Private equity and other alternative investments are gaining favor among allocators at the expense of hedge fund managers, which are facing challenges from market conditions and changing investor preferences, according to EY’s annual global alternative fund survey, which was previously called the EY global hedge fund survey.
A fifth of investors said they planned to decrease allocations to hedge funds in 2018, continuing a multi-year slowing of allocation appetite for hedge fund products, while a third of investors planned to increase allocations to private equity and only 9% to decrease them in the next three years.
“Alternative asset managers are grappling with a whirlwind of changes, and they can either act now to address industry disruptions — ranging from technological innovation to products and competition from new players — or admit defeat and lose competitive market share,” Natalie Deak Jaros, co-leader of EY’s global hedge fund services, said in a statement.
“In order for alternatives to stay ahead, they need to appease investor demand for customization, implement technology that augments investment decisions, and hire the proper talent to both manage technology and bring outside thinking to the traditional financial services mindset.”
Greenwich Associates conducted 102 interviews during the third quarter with hedge funds, representing over $1.1 trillion in assets under management; 103 interviews with private equity firms, representing nearly $2.2 trillion in assets; and 65 interviews with institutional investors, representing over $2.7 trillion in assets.
EY reported that hedge fund and private equity managers are increasingly competing with one another to tap into investors’ desire for nontraditional products. A majority of investors surveyed said they were increasingly allocating to such offerings, including private credit, real estate and real assets.
Forty-six percent of private equity managers and 35% of hedge fund managers reported having a private credit offering. In addition, three in 10 hedge fund managers said they offered a private equity product, and two in five private equity managers had hedge products.
EY said the diversification of product offerings was directly resulting in convergence as managers across all strategies develop expertise and branch out to a variety of alternative offerings.
The survey found that besides demanding nontraditional products, allocators increasingly want to be more active partners with their managers, and to have a voice on investment decisions and operational matters.
More than one-third of investors said they planned to increase their behavior as “active LPs,” and 32% said they would continue to build out investment capabilities to replicate the strategy internally without the assistance of a third-party external manager.

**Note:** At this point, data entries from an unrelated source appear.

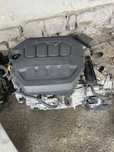 Двигател Голф 8/ VW Golf 8 2.0GTI 245k UND 27000км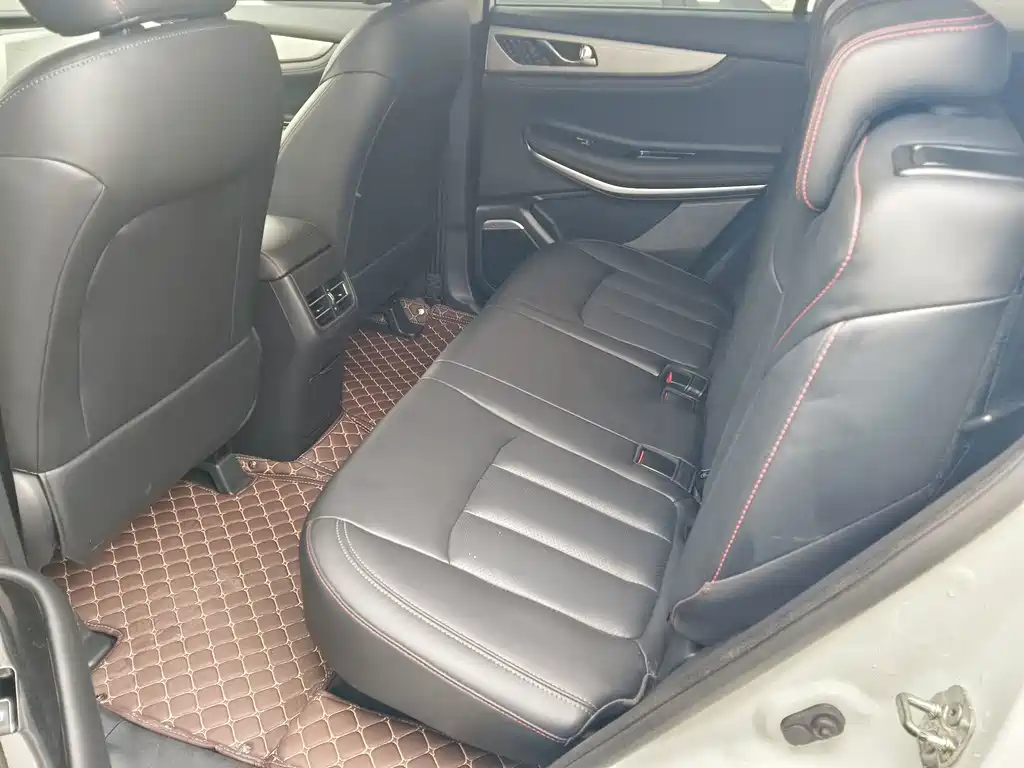 Changan CS75 — миниатюра 10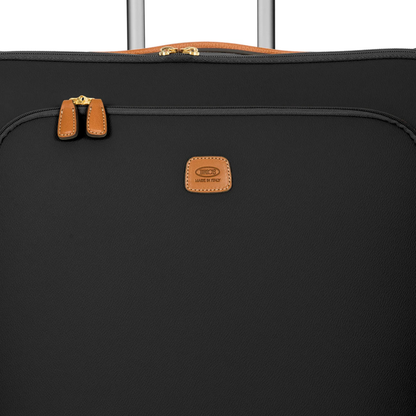 Brics Firenze Trolley Compound Softside Spinner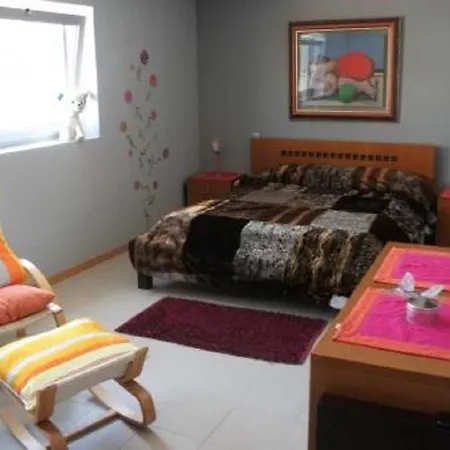 Chalet Beiral Holiday home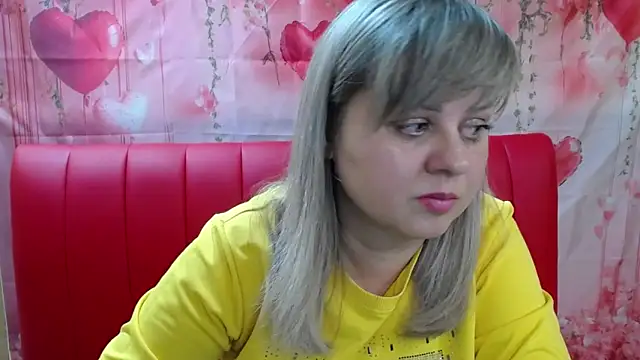 VeronicaSvitt online show from February 2026 01:29:02 PM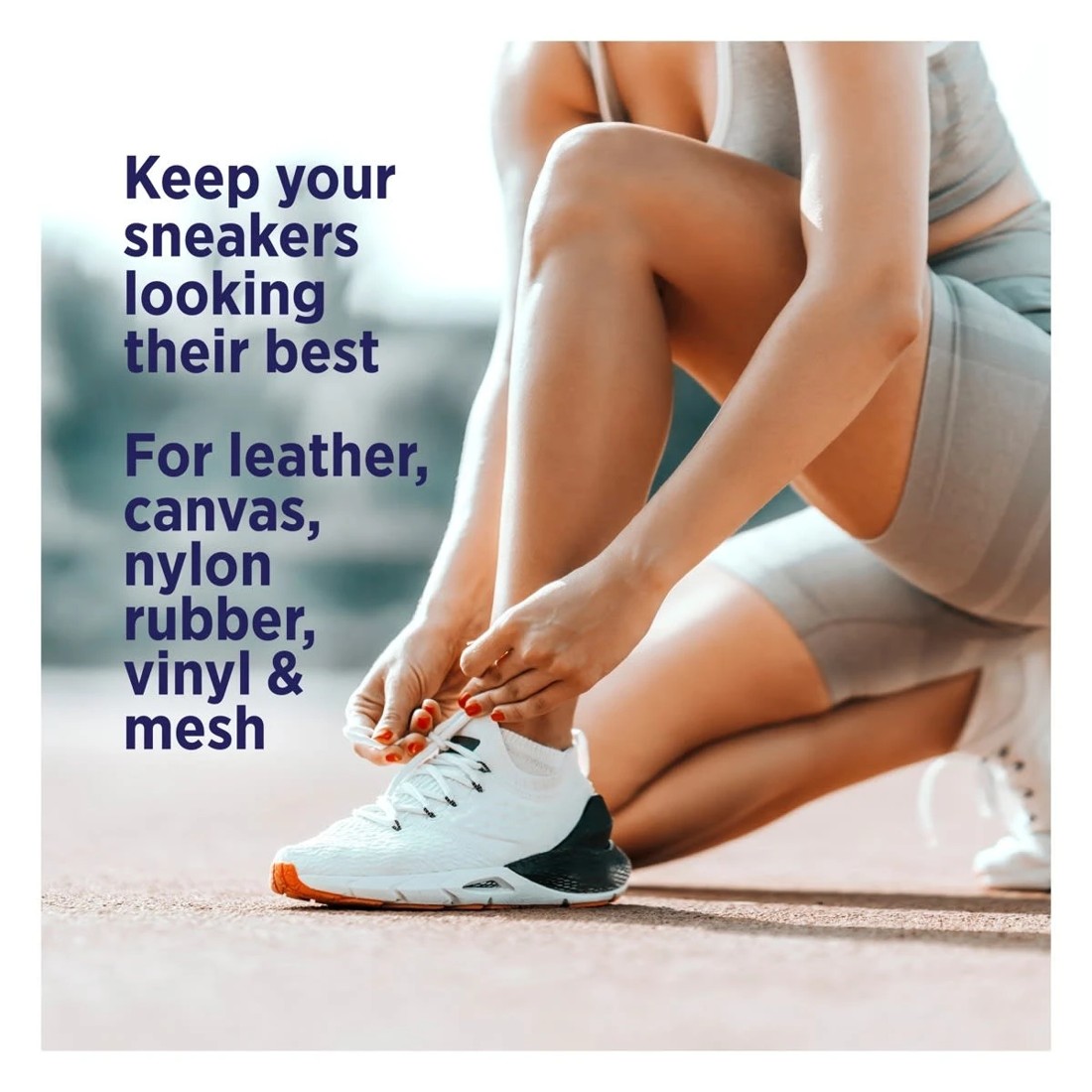 5 Maseur Footcare Sneaker Stain Remover 120ml, 5 of 6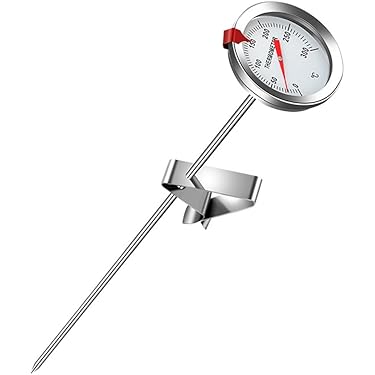 Amazon.co.jp 売れ筋ランキング: クッキング温度計・タイマー の中で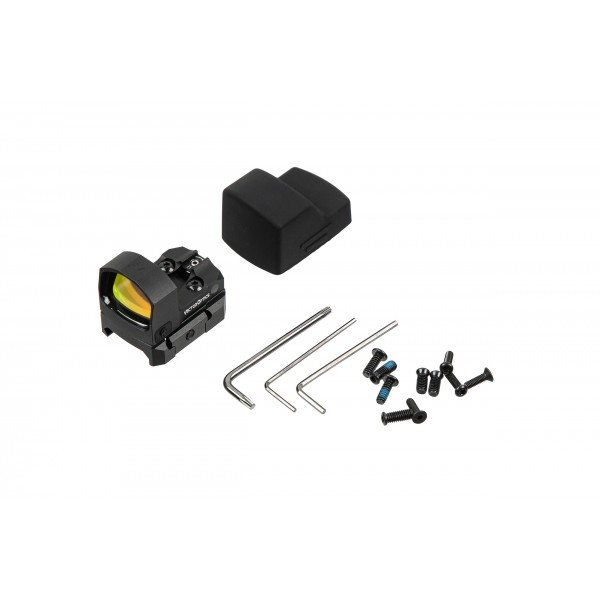 Прицел коллиматорный Vector Optics Frenzy-S 1x17x24 MIC 3MOA MGT footprint - SCRD-43
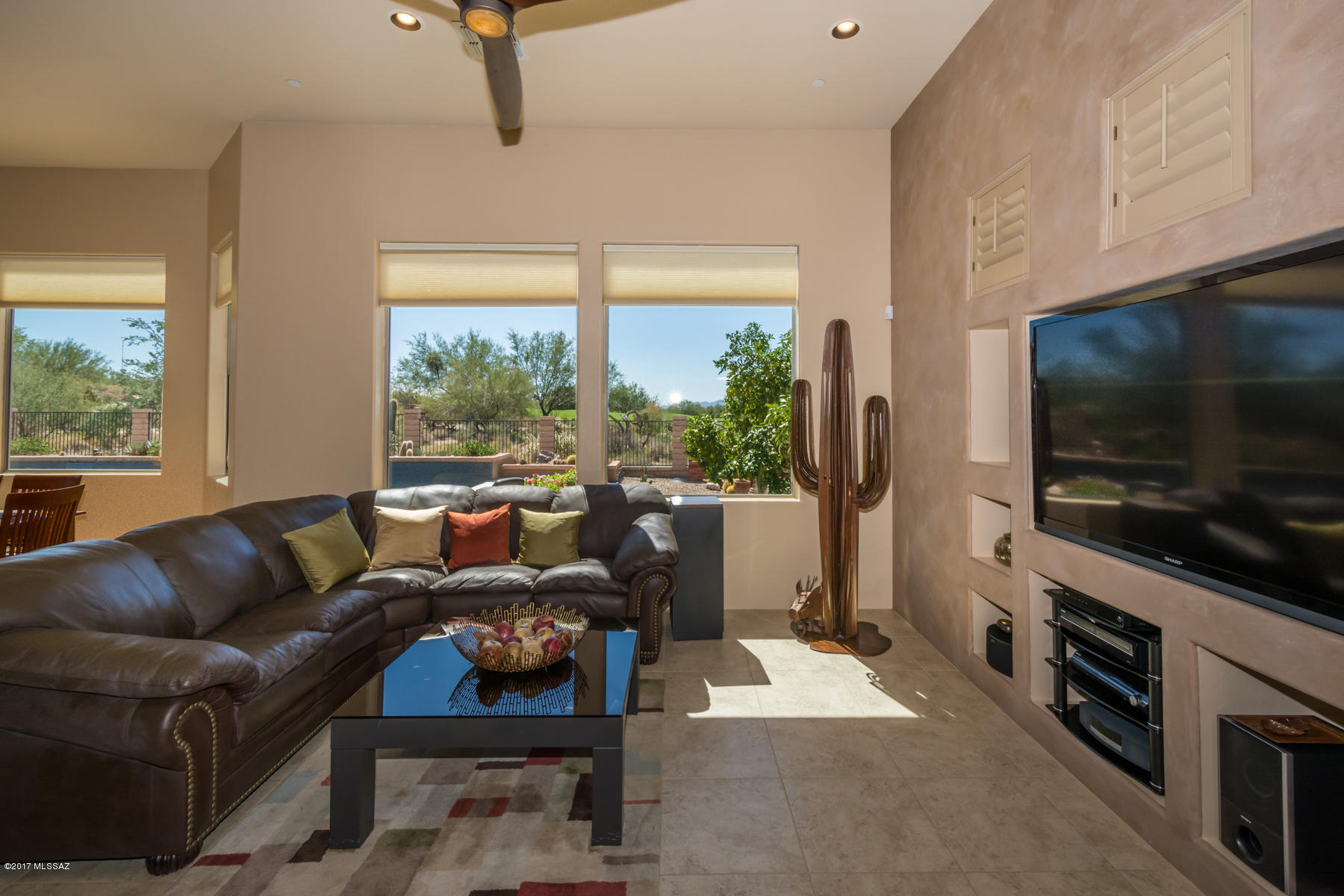 Dos Lagos at Dove Mountain (1-91) - Residential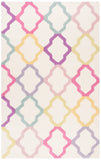 safavieh clearance safavieh kids sfk102a ivory rug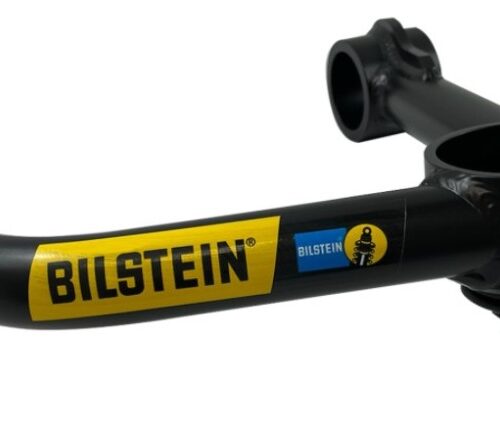 Bilstein 10-21 GX460 / 03-09 GX470 / 03-21 4Runner / 07-14 FJ Cruiser B8 Front Upper Control Arm Kit - Image 4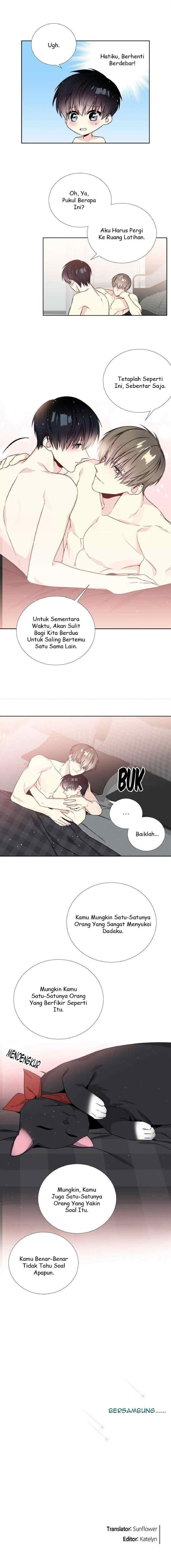 Cosmic Stars chapter 39 halaman 10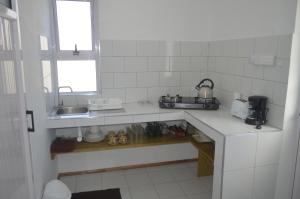 Bluestar Appartement 4, centre de Grand Baie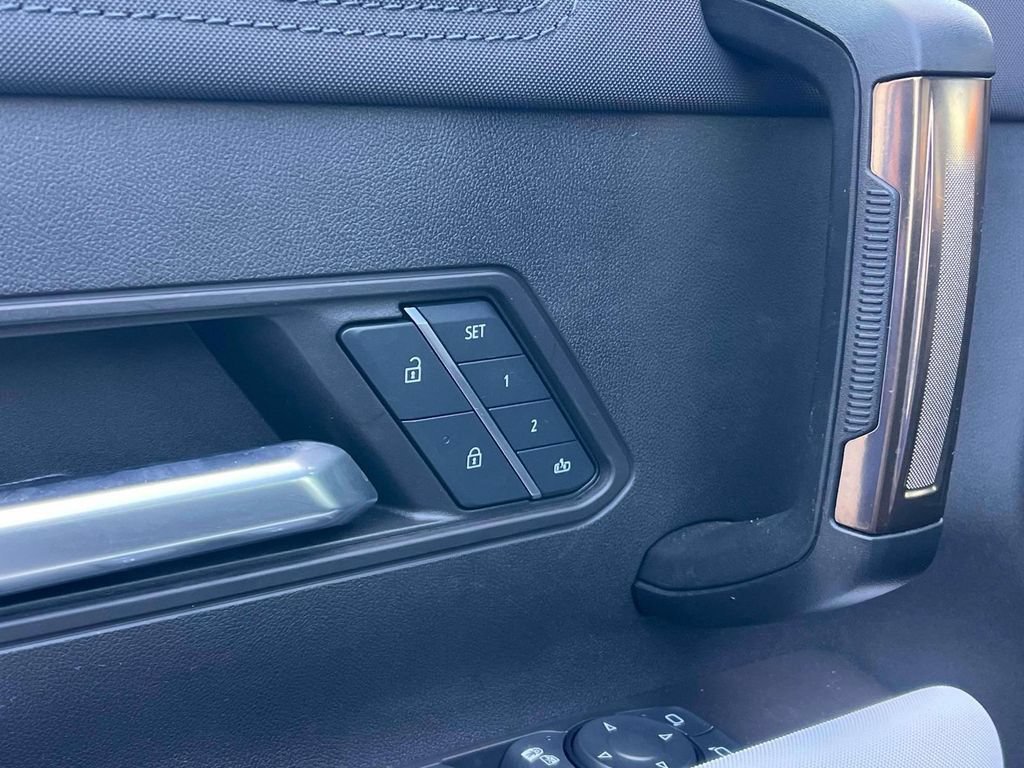 2024 GMC HUMMER EV 3X - Photo 20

Not only that, but investors are becoming more active partners with their managers in demanding that product offerings be tailored to their needs. The survey found that more than a third of hedge funds were responding to this growing demand for customization by increasing or planning to increase the number of separately managed accounts and funds of one they offer.
EY noted that these offerings appease investor demands, but create operational headaches for alternative asset managers.